Data from: MHC, parasites and antler development in red deer: no support for the Hamilton & Zuk hypothesis
Buczek, Mateusz; Okarma, Henryk; Demiaszkiewicz, Aleksander W.; Radwan, Jacek (2016), Data from: MHC, parasites and antler development in red deer: no support for the Hamilton & Zuk hypothesis, Dryad, Dataset, https://doi.org/10.5061/dryad.nk25m
The Hamilton-Zuk hypothesis proposes that the genetic benefits of preferences for elaborated secondary sexual traits have their origins in the arms race between hosts and parasites, which maintains genetic variance in parasite resistance. Infection, in turn, can be reflected in the expression of costly sexual ornaments. However, the link between immune genes, infection, and the expression of secondary sexual traits has rarely been investigated.
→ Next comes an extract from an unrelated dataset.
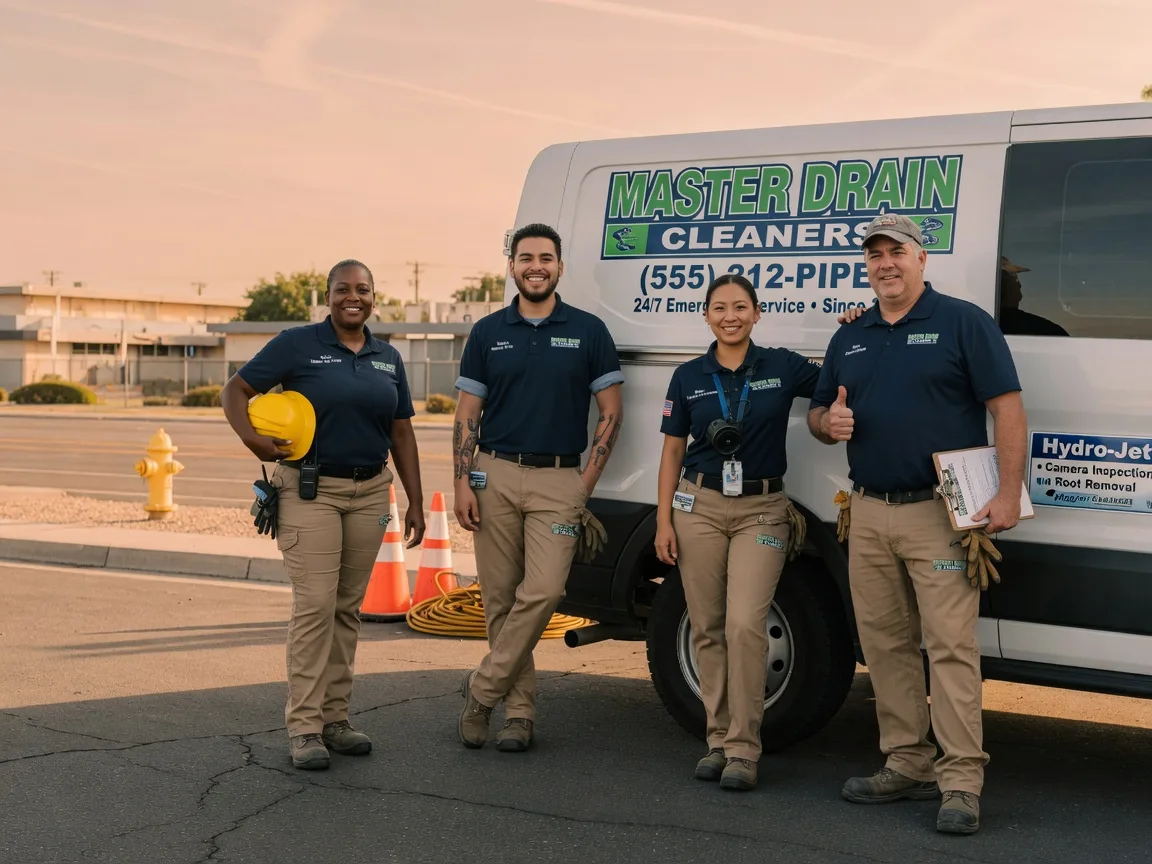 Drain Cleaning company in West Terre Haute, IN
Here, we explored whether the presence and identity of functional variants (supertypes) of the highly polymorphic major histocompatibility complex (MHC), which is responsible for the recognition of parasites, predict the load of lung and gut parasites and antler development in the red deer (Cervus elaphus). While we found MHC supertypes to be associated with infection by a number of parasite species, including debilitating lung nematodes, we did not find support for the Hamilton-Zuk hypothesis. On the contrary, we found that lung nematode load was positively associated with antler development. We also found that the supertypes that were associated with resistance to certain parasites at the same time cause susceptibility to others. Such tradeoffs may undermine the potential genetic benefits of mate choice for resistant partners.